Ex socio di Lars Von Trier nel movimento "Dogma", il danese Vinterberg torna ai temi drammatici dopo aver realizzato la tanto discutibile commedia “Riunione di famiglia”. S’intitola “Submarino” ed è praticamente un’infinita tragedia in molto più di tre atti. Lo scopo del regista è quello di riflettere sul lato oscuro della vita. Ci racconta la storia di due fratelli e tutte le tragedie da cui vengono colpiti. Si comincia col bambino che devono accudire al posto della madre alcolizzata. La macchina da presa osa sul cadavere del neonato e quello è solo “il biglietto da visita” del film.

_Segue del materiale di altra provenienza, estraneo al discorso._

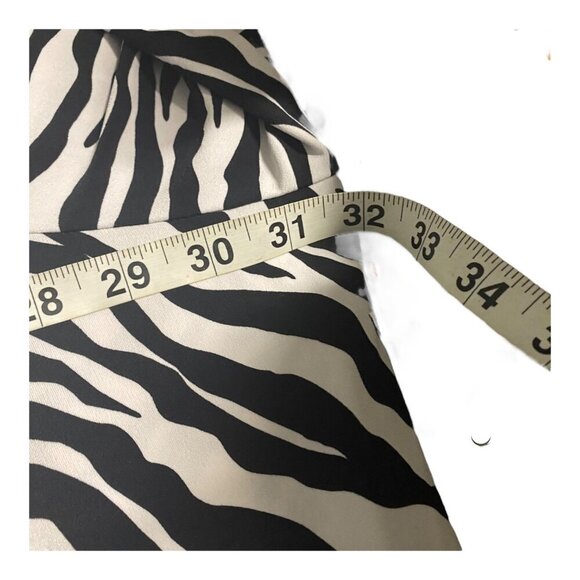 Maggie Barnes Women’s Plus Size Shirt Black & White Zebra Print Size 5X 34/36w - Picture 9 of 16
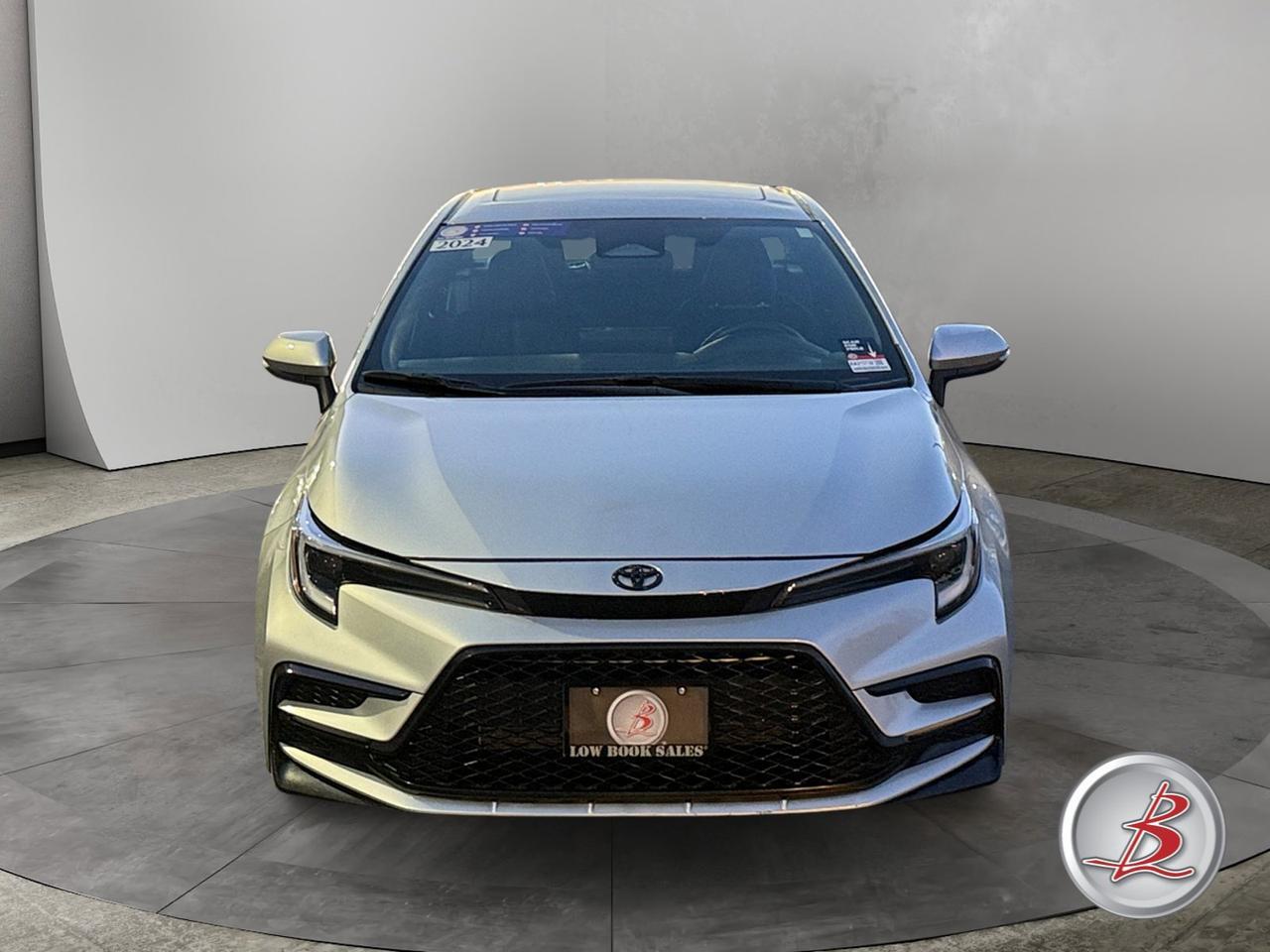 2024 Toyota COROLLA SE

Dissolvenza, riecco i fratelli trent'anni dopo: la loro vita è distrutta, i loro rapporti inesistenti. Uno è un ubriacone il cui cuore è stato spezzato dalla donna che amava. L’altro è un vedovo con figlioletto a carico. I servizi sociali minacciano di togliergli il ragazzino, non solo a causa della sua difficoltà nel trovare lavoro ma soprattutto per la sua dipendenza da eroina. La fortuna però è dietro l’angolo e cosa fa il padre single? Decide di mettersi a spacciare per le strade. Riuscirà a salvarsi dalla galera?

Già a metà film lo spettatore viene messo KO dalla cupezza dei toni: quella stessa riflessione sull’oscurità che il regista voleva esplorare diventa invece il pretesto per un’ostentazione gratuita capace di far star male chi guarda lo schermo. Non stupitevi se alla fine del film uscirete dal cinema di pessimo umore. O vi sentirete perfino presi in giro, dal momento che nel mondo decadente messo in scena da Vinterberg c’è comunque il sole all’orizzonte. Alla fine si è improvvisamente capaci di amare e di trovare amore, nonostante i terribili eventi messi in scena. Decisamente impossibile trovare una storia più forzata di questa.